GM: My chapbook Of Darkness and Tumbling, and my first full-length collection, Here is the Night and the Night on the Road, were both chronicles of a traumatic loss in my life– the car accident, coma, and subsequent death of my partner at the time. Over the first few years of grieving, my attention span for reading was only for poetry, and specifically for poetry that plumbed the depths of loss and mourning. I’m indebted to so many poets who have gone deeply into the realms of grief and written records of it. Those poems and books saved my life. Writing my own was an act of survival, and publishing it was an offering back to the community of writers who had sustained me through that time, as well as a hope that my own contribution could be a resource for other mourners.
It took a long time before I was ready to write something not born solely out of this loss. I’m still writing poems about it––because, after all, we’re never done grieving–– but when I felt able to turn my gaze in new directions, I began the seeds of the poems that became Might Kindred, my second full-length, which will be out in November of this year. The subjects of these poems are wide-reaching, and draw upon my many obsessions, but they’re all oriented around the possibility and impossibility of belonging–– to people, to places, to language, to God.

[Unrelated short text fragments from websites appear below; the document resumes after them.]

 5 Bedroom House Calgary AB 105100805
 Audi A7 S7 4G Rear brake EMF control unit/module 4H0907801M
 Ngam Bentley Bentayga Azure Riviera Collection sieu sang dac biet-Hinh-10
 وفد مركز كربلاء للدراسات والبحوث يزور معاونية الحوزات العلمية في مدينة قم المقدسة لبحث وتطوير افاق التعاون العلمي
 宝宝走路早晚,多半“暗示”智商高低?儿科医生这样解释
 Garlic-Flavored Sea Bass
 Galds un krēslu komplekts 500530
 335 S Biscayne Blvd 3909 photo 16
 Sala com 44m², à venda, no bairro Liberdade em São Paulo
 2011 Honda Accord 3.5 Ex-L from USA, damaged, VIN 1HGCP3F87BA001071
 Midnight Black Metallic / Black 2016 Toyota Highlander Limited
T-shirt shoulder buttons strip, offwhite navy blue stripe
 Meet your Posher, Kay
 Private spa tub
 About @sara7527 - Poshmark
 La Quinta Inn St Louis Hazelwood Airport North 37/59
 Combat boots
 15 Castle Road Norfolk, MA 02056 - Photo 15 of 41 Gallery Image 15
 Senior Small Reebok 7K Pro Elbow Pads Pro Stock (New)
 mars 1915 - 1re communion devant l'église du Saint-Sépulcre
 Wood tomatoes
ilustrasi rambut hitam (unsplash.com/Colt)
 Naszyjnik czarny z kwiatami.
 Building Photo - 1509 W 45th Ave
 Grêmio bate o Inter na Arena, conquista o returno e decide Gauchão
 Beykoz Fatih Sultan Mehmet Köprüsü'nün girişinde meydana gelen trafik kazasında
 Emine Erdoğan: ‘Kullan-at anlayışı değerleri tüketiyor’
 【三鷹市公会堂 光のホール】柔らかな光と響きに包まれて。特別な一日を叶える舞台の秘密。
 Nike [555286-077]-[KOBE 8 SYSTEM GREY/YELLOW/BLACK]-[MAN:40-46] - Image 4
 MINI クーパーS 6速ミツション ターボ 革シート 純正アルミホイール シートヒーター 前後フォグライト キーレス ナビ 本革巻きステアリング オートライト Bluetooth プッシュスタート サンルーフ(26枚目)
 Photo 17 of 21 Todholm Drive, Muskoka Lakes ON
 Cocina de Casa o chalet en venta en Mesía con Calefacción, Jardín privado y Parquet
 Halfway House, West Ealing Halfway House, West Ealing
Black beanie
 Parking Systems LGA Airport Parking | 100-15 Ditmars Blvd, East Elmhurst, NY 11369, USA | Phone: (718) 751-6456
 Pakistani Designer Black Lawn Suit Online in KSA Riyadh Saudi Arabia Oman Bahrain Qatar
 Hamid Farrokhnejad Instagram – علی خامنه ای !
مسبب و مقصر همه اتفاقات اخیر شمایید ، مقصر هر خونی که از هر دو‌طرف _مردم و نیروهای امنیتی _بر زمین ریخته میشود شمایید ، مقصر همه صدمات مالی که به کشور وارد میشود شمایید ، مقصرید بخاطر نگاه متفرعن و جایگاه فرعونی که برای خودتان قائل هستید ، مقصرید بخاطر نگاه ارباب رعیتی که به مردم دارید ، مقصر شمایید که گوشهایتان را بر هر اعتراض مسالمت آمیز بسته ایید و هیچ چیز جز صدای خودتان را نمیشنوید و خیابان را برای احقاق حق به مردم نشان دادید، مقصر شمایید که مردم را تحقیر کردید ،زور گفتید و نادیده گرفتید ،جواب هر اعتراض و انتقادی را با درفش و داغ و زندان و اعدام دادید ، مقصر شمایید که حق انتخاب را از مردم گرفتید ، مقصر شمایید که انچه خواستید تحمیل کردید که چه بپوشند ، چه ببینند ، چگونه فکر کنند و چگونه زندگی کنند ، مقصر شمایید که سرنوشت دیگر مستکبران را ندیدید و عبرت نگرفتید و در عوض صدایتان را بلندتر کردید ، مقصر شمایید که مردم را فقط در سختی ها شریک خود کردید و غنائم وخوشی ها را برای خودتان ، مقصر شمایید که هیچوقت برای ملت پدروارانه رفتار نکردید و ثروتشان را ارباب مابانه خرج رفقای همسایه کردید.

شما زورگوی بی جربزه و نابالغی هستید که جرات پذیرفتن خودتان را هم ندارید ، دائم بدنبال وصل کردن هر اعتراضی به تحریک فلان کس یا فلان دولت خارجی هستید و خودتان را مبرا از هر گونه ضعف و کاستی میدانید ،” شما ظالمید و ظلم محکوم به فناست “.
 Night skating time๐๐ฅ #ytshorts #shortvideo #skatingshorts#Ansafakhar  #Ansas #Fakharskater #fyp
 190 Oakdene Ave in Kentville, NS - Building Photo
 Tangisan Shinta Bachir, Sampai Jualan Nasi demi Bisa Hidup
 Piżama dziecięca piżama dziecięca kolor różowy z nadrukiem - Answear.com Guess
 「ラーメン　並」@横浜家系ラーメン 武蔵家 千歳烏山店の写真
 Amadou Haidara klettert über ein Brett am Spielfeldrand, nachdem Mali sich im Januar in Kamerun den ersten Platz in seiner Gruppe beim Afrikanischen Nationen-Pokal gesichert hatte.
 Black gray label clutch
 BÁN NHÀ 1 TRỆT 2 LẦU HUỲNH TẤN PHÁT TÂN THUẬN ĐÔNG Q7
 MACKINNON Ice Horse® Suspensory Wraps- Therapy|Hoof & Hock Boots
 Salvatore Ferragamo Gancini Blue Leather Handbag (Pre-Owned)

I experience both my chapbook and first full-length collection as one long poem, broken into parts, but ultimately each poem a unit of a larger unified whole. With Might Kindred, I taught myself to write individual poems, and to understand each poem as its own tiny universe or ecosystem. The poems in Might Kindred differ more from one another, they each have their own rules and concerns. This book contains more poems in form, something else I was learning as I worked on the manuscript. In many ways, it’s a collection of my origin stories–– a map of the places, people, and politics that have shaped me. I studied with some incredible teachers while I was writing Might Kindred, and I was able to build poetry community that I couldn’t previously prioritize during ten years of rabbinic training. Both stretched my writing in new directions– I learned to trust language in new ways, to listen more deeply to the poems, and to be surprised by my writing process. I swapped poems for feedback with many peers and friends while I was writing Might Kindred. There are a lot of eyes and hearts on those poems– they belong to a web of kindreds.
By the time I was in final revisions for Might Kindred, I was so sick of writing from an autobiographical “I,” and I found myself turning to Jewish textual tradition as a way to inhabit something new. I felt done for a while with my personal origin stories, interested instead in our communal origin stories, through persona poems, centos, translations, and the braiding of my own language with ancient Hebrew sources. “Occupational Hazards” comes out of this period, a period I feel I’m very much still inside of. I’m really curious about the proximities and touchpoints between contemporary life and ancient tradition. In many ways, it’s where I live out my days, and increasingly, I hope for it to be the margin from which my poems emerge.